趙亞靜趴在船舷欄杆上,看著兩岸的景色,忍不住讚嘆:「真漂亮啊……比廣州繁華多了!」
秦浩站在她身邊,也欣賞著這著名的景色,繁華背後,也是更激烈的競爭和更複雜的規則。
大約十分鐘後,渡輪抵達港島中環的碼頭。兩人又換乘巴士,沿著蜿蜒的山路,前往南區的淺水灣。巴士在山路上盤旋,一邊是鬱鬱蔥蔥的山林,另一邊不時可以瞥見蔚藍的海灣和點綴其間的豪華住宅。趙亞靜看得目不轉睛。
終於,在淺水灣道的一個路口,兩人下了車。按照地址指示,又步行了一段綠樹成蔭的私家路,眼前出現了一道氣派的雕花鐵門,門後是一條蜿蜒的車道,通向深處一棟白色的、帶有寬敞花園和泳池的歐式別墅。
「我的天……」趙亞靜站在鐵門外,望著那棟在綠樹掩映下依然顯得奢華奪目的別墅,忍不住倒吸一口涼氣,語氣酸溜溜的:「這別墅……可真夠氣派的。看樣子,史小娜家在香港,不是一般的有錢啊……」
秦浩也打量著這處豪宅。不得不說,史小娜的爺爺確實有戰略眼光。1949年那會兒,局勢未明,他帶著大兒子和一半家產來到香港,把二兒子(史小娜的父親)留在了內地。這手「兩邊下注」,雖然讓留在內地的史父吃了不少苦頭,但也保留了家族的血脈和部分根基。
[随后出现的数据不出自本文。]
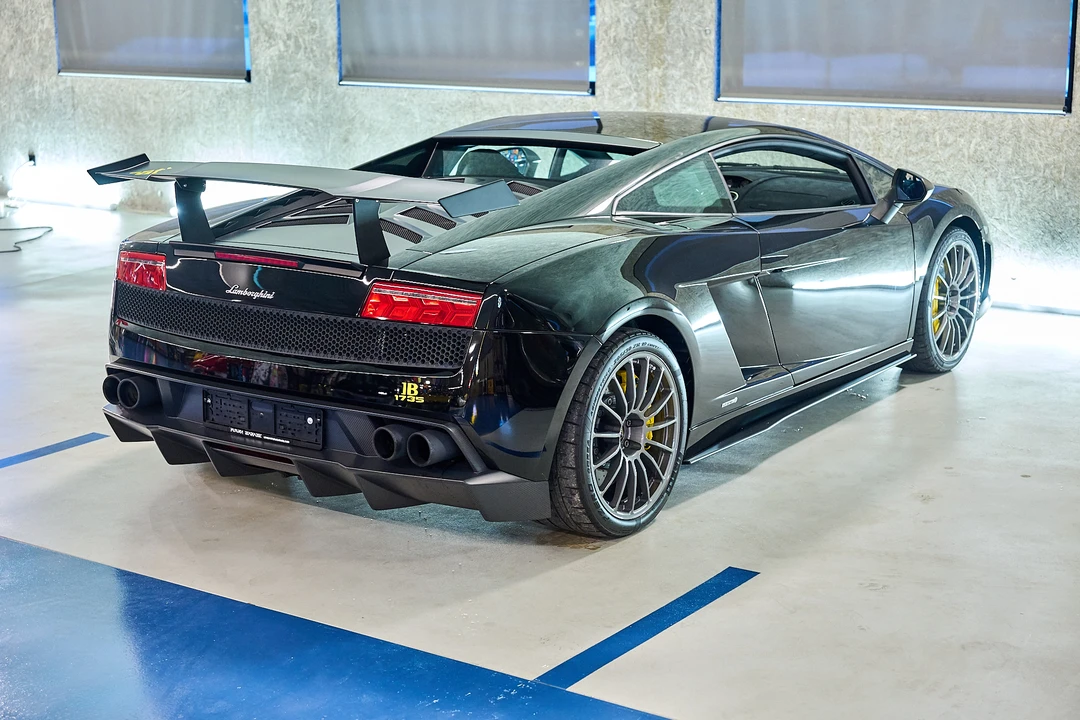 2011 Lamborghini Gallardo LP570-4 Superleggera - Image 20 of 31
如今,政策鬆動,史父史母得以來到香港與家人團聚。而從後來秦浩了解到的信息看,史父來到香港後,憑藉其能力和手腕,在短短几年內就逐漸掌握了家族集團的實權,可見其鬥爭經驗和商業能力,都要比他那個一直留在香港的大哥要強上不少。
秦浩收回目光,按下鐵門旁的對講門鈴。
很快,對講器里傳來一個略帶警惕的女聲,用的是粵語:「你哋搵邊位」
秦浩用粵語回答:「你好,我們找史小娜小姐,是從北京來的朋友。」
對講器那邊沉默了幾秒,似乎在確認什麼。然後,鐵門「咔噠」一聲,自動打開了。一個穿著深色制服、看起來四五十歲的女傭從別墅側門快步走出來,來到鐵門處。她打量了一下秦浩和趙亞靜,見兩人衣著得體,氣質不像普通人,臉色稍微緩和了一些。